FCC Proposes Broadband Internet for All Americans

Wednesday, March 17, 2010

The 21st century equivalent of a chicken-in-every-pot, the Federal Communications Commission’s is spearheading President Barack Obama’s proposal to make high-speed Internet service available to all Americans. The FCC unveiled its ambitious plan that will require billions of dollars to expand the nation’s telecommunications infrastructure and bring broadband services to those areas currently without, such as rural and poor America.

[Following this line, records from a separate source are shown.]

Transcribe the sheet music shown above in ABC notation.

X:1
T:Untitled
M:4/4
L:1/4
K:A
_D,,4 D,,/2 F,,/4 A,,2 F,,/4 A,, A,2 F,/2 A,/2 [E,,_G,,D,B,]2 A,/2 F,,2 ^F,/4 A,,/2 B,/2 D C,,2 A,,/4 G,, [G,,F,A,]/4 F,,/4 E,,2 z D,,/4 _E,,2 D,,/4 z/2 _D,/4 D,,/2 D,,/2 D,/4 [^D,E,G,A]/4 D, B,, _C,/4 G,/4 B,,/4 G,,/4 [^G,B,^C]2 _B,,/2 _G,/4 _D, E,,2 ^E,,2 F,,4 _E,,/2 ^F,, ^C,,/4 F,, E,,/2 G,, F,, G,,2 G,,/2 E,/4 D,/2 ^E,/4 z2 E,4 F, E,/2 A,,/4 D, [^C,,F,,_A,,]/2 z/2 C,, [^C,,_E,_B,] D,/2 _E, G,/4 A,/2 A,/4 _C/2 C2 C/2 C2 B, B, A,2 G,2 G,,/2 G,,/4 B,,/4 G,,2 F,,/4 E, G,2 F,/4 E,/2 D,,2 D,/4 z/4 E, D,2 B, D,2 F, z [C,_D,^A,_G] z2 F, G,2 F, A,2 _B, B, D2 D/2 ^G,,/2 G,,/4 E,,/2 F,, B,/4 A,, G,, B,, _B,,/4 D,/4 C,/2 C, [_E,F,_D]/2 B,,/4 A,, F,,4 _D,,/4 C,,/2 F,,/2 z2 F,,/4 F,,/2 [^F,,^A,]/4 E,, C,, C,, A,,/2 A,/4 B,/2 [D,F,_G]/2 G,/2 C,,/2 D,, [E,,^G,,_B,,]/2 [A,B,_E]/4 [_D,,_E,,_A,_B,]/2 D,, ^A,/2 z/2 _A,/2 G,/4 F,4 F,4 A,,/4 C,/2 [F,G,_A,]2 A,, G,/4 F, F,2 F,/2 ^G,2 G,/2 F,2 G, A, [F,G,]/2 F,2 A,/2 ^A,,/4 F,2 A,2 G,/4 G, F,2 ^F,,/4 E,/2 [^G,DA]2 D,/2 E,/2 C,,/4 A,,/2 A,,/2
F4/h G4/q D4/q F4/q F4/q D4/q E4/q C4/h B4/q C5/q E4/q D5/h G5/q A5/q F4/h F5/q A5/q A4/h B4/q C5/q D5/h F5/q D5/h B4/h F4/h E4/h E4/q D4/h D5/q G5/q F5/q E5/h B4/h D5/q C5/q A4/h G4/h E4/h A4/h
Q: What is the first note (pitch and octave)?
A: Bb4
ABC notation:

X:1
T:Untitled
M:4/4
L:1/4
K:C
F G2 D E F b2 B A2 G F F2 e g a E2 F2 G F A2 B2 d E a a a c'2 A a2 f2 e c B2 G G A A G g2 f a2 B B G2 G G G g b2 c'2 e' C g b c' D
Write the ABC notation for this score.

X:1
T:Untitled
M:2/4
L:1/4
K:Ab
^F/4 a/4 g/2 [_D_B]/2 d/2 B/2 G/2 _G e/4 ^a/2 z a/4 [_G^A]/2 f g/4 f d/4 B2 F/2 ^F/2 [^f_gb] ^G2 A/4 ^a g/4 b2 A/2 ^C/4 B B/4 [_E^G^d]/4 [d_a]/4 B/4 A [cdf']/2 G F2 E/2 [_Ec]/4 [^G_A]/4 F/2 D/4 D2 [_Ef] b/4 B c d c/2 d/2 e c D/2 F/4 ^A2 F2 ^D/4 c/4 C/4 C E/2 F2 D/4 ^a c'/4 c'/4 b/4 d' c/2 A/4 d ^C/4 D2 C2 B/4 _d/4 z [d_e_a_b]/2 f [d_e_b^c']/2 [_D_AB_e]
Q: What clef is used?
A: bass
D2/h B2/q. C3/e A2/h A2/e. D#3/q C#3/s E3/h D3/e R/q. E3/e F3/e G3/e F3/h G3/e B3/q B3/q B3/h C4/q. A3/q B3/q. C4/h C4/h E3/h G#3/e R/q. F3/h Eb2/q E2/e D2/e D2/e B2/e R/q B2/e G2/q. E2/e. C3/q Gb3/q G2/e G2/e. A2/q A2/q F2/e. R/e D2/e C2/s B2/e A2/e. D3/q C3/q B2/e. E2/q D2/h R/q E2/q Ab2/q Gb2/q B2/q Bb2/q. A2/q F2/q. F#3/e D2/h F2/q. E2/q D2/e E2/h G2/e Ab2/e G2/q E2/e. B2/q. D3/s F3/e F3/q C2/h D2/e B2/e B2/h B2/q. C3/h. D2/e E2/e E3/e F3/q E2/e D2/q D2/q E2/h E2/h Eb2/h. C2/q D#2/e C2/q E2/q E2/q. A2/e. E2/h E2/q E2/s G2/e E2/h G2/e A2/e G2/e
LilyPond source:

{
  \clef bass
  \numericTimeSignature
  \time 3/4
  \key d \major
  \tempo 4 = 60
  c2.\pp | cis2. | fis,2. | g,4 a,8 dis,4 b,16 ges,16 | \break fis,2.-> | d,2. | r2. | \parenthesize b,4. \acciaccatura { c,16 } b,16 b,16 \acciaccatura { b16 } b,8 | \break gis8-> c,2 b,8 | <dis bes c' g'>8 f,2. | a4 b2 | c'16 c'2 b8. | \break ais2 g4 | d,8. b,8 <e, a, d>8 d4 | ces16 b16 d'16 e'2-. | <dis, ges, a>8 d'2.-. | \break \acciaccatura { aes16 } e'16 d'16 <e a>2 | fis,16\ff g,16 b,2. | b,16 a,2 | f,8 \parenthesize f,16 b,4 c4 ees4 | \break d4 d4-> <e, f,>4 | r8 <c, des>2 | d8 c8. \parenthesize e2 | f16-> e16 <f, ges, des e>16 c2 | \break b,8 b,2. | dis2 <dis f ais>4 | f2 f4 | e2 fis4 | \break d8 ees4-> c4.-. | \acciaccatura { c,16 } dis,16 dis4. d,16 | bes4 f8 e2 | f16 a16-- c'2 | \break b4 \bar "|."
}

About 65% of the United States has access to high speed service, but the FCC’s goal is to raise this level to 90% during the coming decade. The government also wants to improve broadband speeds for those already with the service. Currently, the United States trails many European in terms of universal broadband access.
Most industry and consumer advocates hailed the plan. Smaller telecommunications companies stand to benefit by gaining access to new customers, but larger corporations like AT&T and Verizon could find themselves sharing their networks with competitors. Television broadcasters are worried that they may be forced to give up spectrum at low cost.
-Noel Brinkerhoff
Executive Summary: National Broadband Plan (Federal Communications Commission) (pdf)
F.C.C. Calls New Broadband Plan Vital (by Matt Richtel and Brian Stelter, New York Times)
How the FCC's New National Broadband Plan is Expected to Affect Consumers (by Cecilia Kang, Washington Post)
FCC Wants 120MHz of Spectrum from TV Stations (by Grant Gross, IDG News Service)
Connecting America: The National Broadband Plan (Federal Communications Commission) (pdf)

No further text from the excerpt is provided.